*THE RECORDS*
━━━━━━━━━━━━━━━━
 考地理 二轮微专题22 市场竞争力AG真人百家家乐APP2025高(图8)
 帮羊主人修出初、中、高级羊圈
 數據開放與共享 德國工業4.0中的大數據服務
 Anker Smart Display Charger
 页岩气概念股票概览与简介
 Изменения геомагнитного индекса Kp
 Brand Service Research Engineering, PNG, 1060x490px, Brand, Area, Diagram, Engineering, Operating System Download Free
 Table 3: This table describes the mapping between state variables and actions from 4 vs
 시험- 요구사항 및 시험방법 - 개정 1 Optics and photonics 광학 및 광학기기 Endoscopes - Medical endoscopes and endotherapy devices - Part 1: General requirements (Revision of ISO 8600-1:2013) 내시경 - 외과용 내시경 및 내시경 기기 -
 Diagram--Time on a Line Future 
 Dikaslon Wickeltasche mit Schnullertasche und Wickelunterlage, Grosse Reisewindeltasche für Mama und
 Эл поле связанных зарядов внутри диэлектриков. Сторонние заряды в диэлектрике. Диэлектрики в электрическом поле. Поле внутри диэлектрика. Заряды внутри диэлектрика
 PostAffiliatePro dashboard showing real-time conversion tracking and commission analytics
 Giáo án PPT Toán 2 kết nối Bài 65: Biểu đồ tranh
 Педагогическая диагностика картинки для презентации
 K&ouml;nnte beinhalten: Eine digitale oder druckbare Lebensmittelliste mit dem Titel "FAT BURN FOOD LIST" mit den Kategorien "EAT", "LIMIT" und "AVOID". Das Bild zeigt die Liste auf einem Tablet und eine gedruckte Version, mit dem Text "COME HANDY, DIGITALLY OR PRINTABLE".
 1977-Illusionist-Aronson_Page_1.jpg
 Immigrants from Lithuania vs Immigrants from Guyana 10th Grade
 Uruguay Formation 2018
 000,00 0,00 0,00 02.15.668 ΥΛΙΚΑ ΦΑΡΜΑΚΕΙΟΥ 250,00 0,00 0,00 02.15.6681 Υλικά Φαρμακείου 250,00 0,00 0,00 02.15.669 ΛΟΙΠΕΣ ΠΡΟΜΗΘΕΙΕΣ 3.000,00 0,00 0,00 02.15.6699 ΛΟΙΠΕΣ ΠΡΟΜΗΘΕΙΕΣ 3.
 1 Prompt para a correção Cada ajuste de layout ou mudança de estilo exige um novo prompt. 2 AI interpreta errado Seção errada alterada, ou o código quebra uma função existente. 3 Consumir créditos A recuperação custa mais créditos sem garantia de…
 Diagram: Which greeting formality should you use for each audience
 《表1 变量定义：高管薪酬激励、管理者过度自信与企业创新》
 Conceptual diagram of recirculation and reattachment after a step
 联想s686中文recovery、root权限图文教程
━━━━━━━━━━━━━━━━
*TASK STATEMENT*
Looking back over the data above, restate word for word the lines that begin at the line with "页岩气概念股票概览与简介" and end at the line with "Педагогическая диагностика картинки", inclusive.

*WORKED SOLUTION*
 页岩气概念股票概览与简介
 Изменения геомагнитного индекса Kp
 Brand Service Research Engineering, PNG, 1060x490px, Brand, Area, Diagram, Engineering, Operating System Download Free
 Table 3: This table describes the mapping between state variables and actions from 4 vs
 시험- 요구사항 및 시험방법 - 개정 1 Optics and photonics 광학 및 광학기기 Endoscopes - Medical endoscopes and endotherapy devices - Part 1: General requirements (Revision of ISO 8600-1:2013) 내시경 - 외과용 내시경 및 내시경 기기 -
 Diagram--Time on a Line Future 
 Dikaslon Wickeltasche mit Schnullertasche und Wickelunterlage, Grosse Reisewindeltasche für Mama und
 Эл поле связанных зарядов внутри диэлектриков. Сторонние заряды в диэлектрике. Диэлектрики в электрическом поле. Поле внутри диэлектрика. Заряды внутри диэлектрика
 PostAffiliatePro dashboard showing real-time conversion tracking and commission analytics
 Giáo án PPT Toán 2 kết nối Bài 65: Biểu đồ tranh
 Педагогическая диагностика картинки для презентации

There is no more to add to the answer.